## Task objective:
Copy out exactly the lines from the one containing "Cowgirl Standing Colored, fine art sketch" to the last line of the records below, both included, and leave out any pictures.

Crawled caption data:
[Start of Attachment]
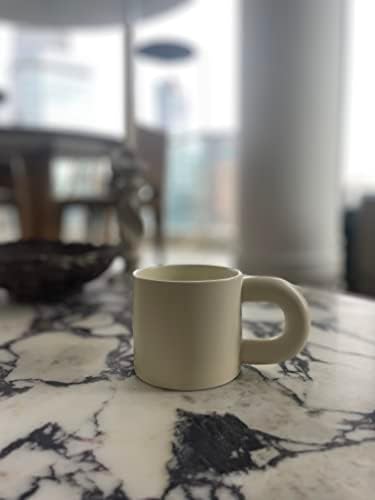 Tombul Yağ Yuvarlak Saplı Seramik Kahve çay bardağı İçme Bardağı Moda Estetik İskandinav Tarzı Pinterest Kupa (Benekli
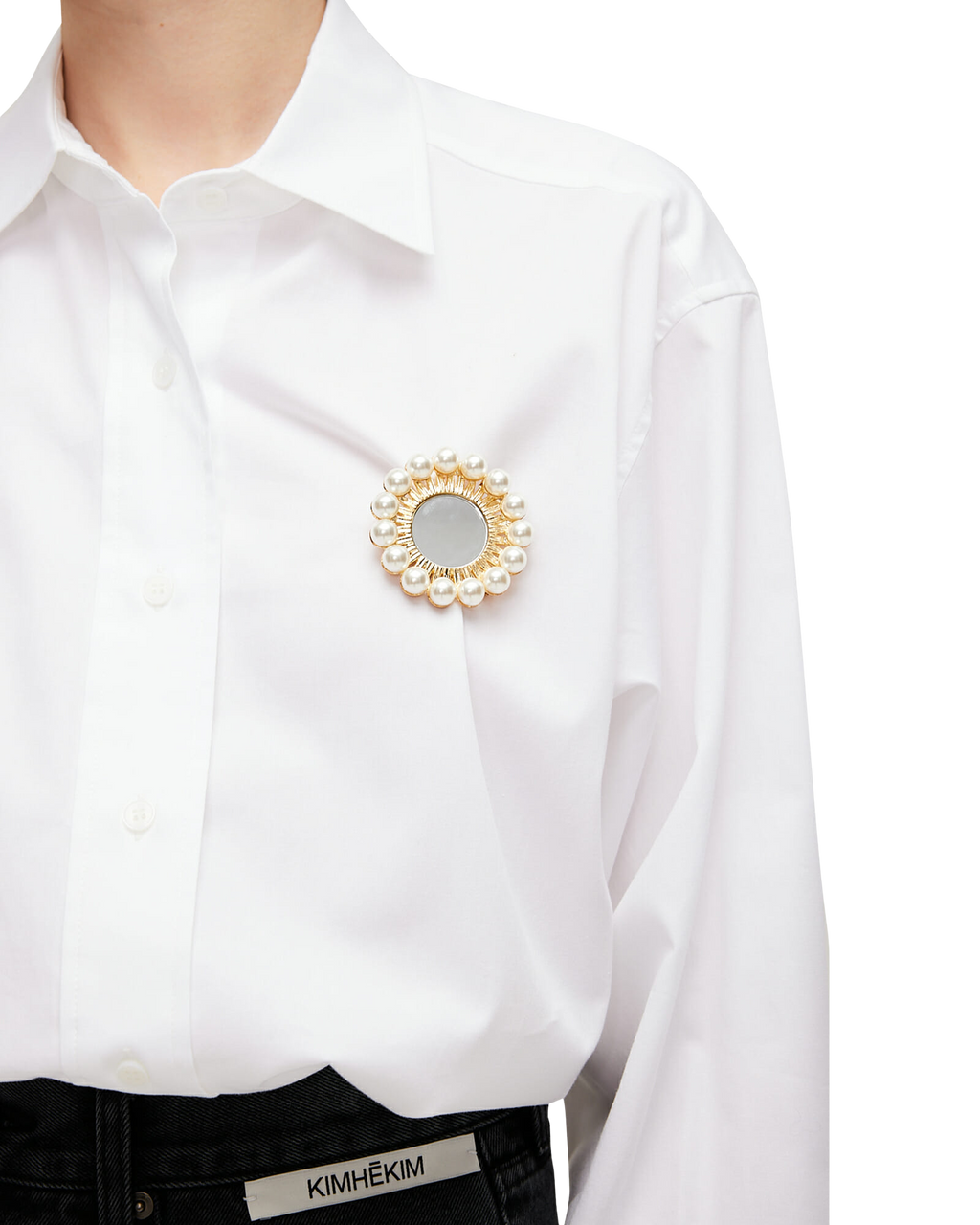 Kimhe Kim - Shirt With Brooch (White) product image 7 | TRAB K-Fashion Australia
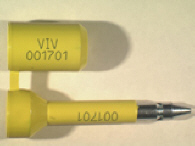 alt="Goedgekeurde bolt seal met alfanumeriek identificatiekenmerk VIV"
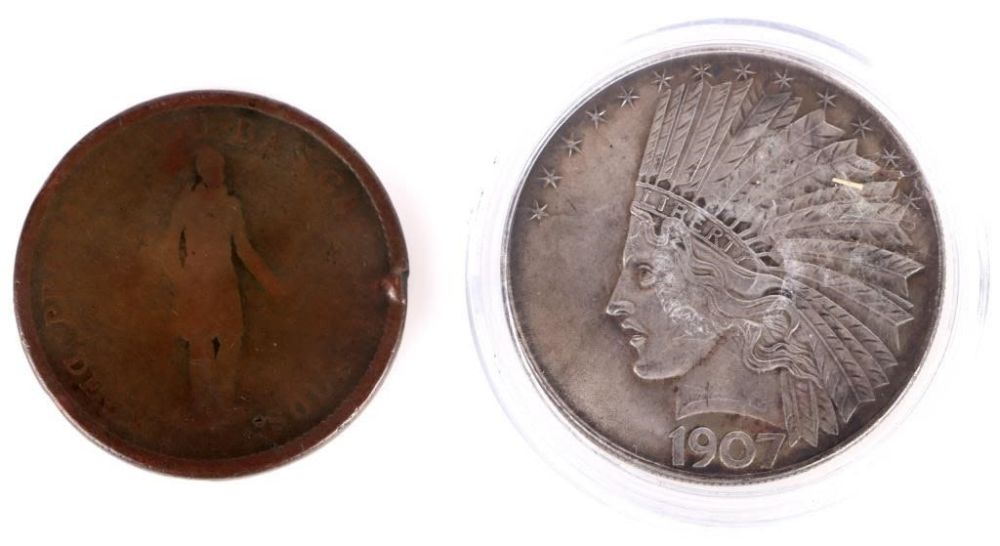 Lot 157265: 1837 CANADA 1 PENNY TOKEN & 1907 $10 LIBERTY COIN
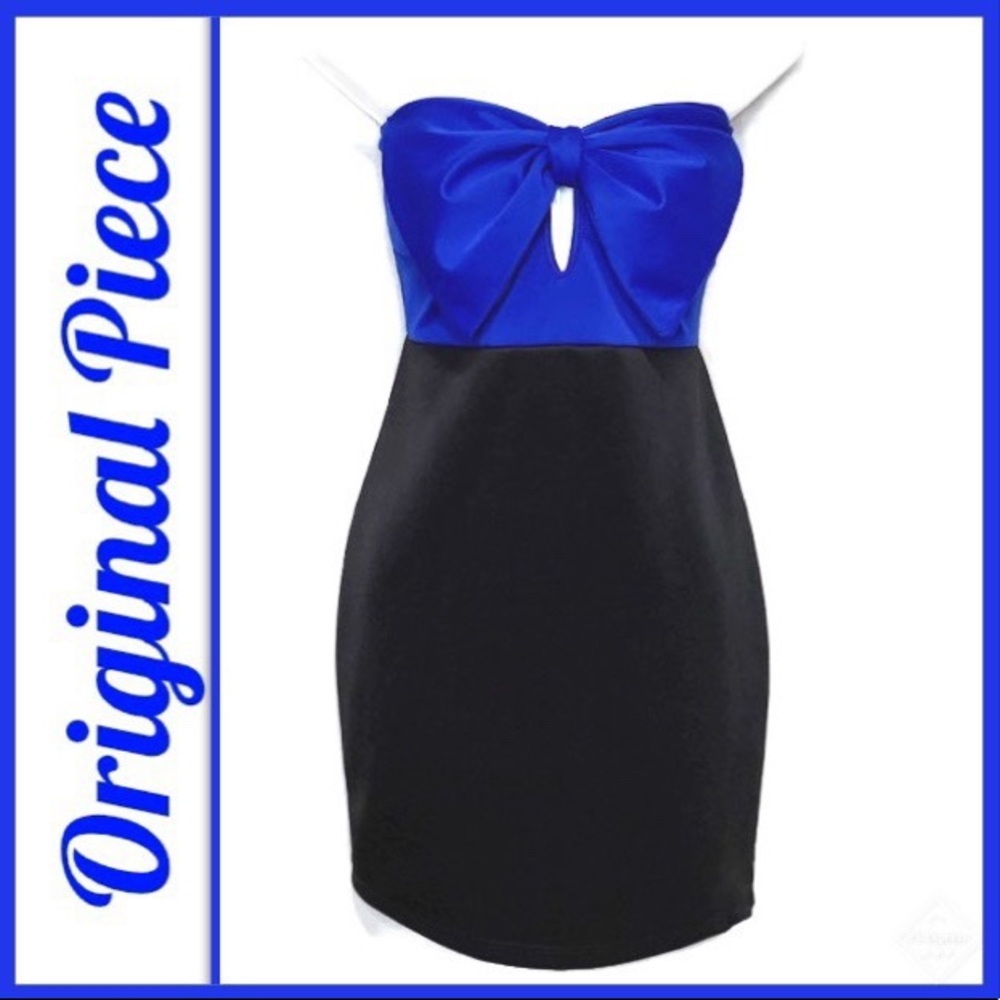 Original Piece Strapless Mini Dress Front Bow GUC
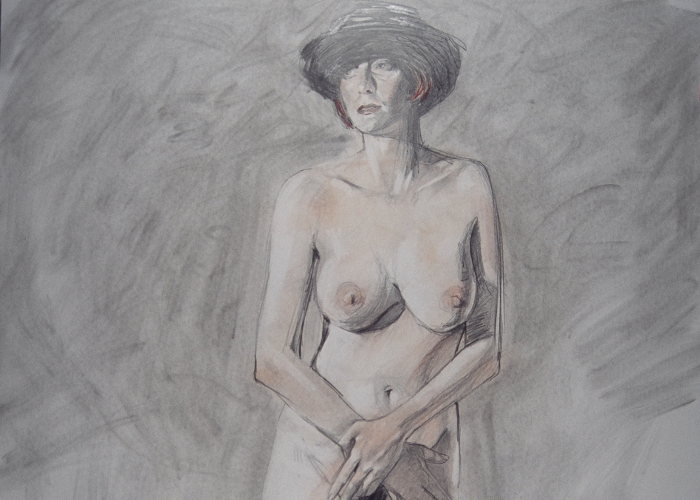 Cowgirl Standing Colored, fine art sketch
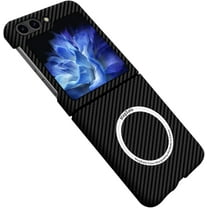 for Samsung Galaxy Z Flip 5 5G Case Compatible with MagSafe Charger Carbon Fiber Slim Ultra Magnetic Back Extremely Thin Aramid Fiber Rugged Case, Black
[End of Attachment]
## Your solution:
 Cowgirl Standing Colored, fine art sketch
 for Samsung Galaxy Z Flip 5 5G Case Compatible with MagSafe Charger Carbon Fiber Slim Ultra Magnetic Back Extremely Thin Aramid Fiber Rugged Case, Black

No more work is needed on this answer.